**Your task:**
Exactly reproduce the lines from the top of the entries below through the line containing "Timegard Tank Top", with both ends included.
Task material Start Marker
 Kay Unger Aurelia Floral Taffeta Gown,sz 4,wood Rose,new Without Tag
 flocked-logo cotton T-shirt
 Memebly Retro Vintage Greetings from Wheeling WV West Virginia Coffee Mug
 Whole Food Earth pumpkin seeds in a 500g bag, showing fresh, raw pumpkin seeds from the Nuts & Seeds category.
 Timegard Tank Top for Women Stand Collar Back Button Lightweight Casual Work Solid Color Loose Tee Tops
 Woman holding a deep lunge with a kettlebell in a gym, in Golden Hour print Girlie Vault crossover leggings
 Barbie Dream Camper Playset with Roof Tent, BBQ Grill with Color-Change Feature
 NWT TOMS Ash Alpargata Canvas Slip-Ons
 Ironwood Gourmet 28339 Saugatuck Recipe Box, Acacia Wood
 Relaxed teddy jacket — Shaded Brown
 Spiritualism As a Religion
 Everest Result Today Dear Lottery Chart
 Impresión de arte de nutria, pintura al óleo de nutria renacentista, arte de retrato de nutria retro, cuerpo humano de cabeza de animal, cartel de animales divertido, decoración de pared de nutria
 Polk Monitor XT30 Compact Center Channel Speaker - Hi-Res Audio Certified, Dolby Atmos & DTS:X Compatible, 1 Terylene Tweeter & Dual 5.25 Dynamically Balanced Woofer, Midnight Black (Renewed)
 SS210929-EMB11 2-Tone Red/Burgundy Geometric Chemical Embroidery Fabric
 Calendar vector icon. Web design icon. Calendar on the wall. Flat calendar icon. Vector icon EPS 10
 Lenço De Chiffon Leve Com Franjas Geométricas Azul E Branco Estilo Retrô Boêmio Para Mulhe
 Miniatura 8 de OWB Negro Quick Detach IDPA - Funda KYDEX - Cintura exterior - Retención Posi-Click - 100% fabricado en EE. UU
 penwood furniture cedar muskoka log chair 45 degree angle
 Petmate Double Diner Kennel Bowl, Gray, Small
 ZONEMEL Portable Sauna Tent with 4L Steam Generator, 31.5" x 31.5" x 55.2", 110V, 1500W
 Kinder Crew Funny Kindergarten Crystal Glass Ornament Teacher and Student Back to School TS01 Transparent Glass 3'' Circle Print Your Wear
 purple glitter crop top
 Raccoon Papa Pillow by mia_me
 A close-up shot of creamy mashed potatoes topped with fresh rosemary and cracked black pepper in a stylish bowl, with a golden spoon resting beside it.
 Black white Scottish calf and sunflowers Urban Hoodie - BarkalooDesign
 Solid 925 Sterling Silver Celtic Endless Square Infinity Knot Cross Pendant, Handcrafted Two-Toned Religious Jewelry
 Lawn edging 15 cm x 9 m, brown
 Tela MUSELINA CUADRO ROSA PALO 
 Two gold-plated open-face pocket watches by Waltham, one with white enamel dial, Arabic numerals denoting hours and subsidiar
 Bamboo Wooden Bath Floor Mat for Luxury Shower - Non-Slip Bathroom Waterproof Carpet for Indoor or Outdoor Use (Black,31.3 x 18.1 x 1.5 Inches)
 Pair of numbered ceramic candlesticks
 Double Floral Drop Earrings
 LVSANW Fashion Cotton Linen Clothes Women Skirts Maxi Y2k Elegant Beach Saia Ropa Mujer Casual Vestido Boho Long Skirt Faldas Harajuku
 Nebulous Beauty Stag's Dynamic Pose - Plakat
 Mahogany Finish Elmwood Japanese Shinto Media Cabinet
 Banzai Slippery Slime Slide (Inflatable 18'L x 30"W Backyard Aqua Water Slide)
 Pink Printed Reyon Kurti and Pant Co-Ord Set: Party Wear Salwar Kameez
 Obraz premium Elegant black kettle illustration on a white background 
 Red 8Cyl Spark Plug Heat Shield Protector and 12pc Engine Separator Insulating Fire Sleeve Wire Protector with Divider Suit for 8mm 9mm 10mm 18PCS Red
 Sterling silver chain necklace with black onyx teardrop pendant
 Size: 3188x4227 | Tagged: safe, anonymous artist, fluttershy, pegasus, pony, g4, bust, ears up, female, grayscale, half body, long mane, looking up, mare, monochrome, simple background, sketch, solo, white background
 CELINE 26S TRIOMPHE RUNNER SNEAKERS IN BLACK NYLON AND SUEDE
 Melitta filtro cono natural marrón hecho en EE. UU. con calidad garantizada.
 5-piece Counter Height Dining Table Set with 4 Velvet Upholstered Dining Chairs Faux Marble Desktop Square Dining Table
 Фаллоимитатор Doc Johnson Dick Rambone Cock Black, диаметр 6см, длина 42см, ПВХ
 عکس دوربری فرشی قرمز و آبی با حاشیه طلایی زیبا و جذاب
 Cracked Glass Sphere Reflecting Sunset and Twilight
Task material End Marker
**Exercise answer:**
 Kay Unger Aurelia Floral Taffeta Gown,sz 4,wood Rose,new Without Tag
 flocked-logo cotton T-shirt
 Memebly Retro Vintage Greetings from Wheeling WV West Virginia Coffee Mug
 Whole Food Earth pumpkin seeds in a 500g bag, showing fresh, raw pumpkin seeds from the Nuts & Seeds category.
 Timegard Tank Top for Women Stand Collar Back Button Lightweight Casual Work Solid Color Loose Tee Tops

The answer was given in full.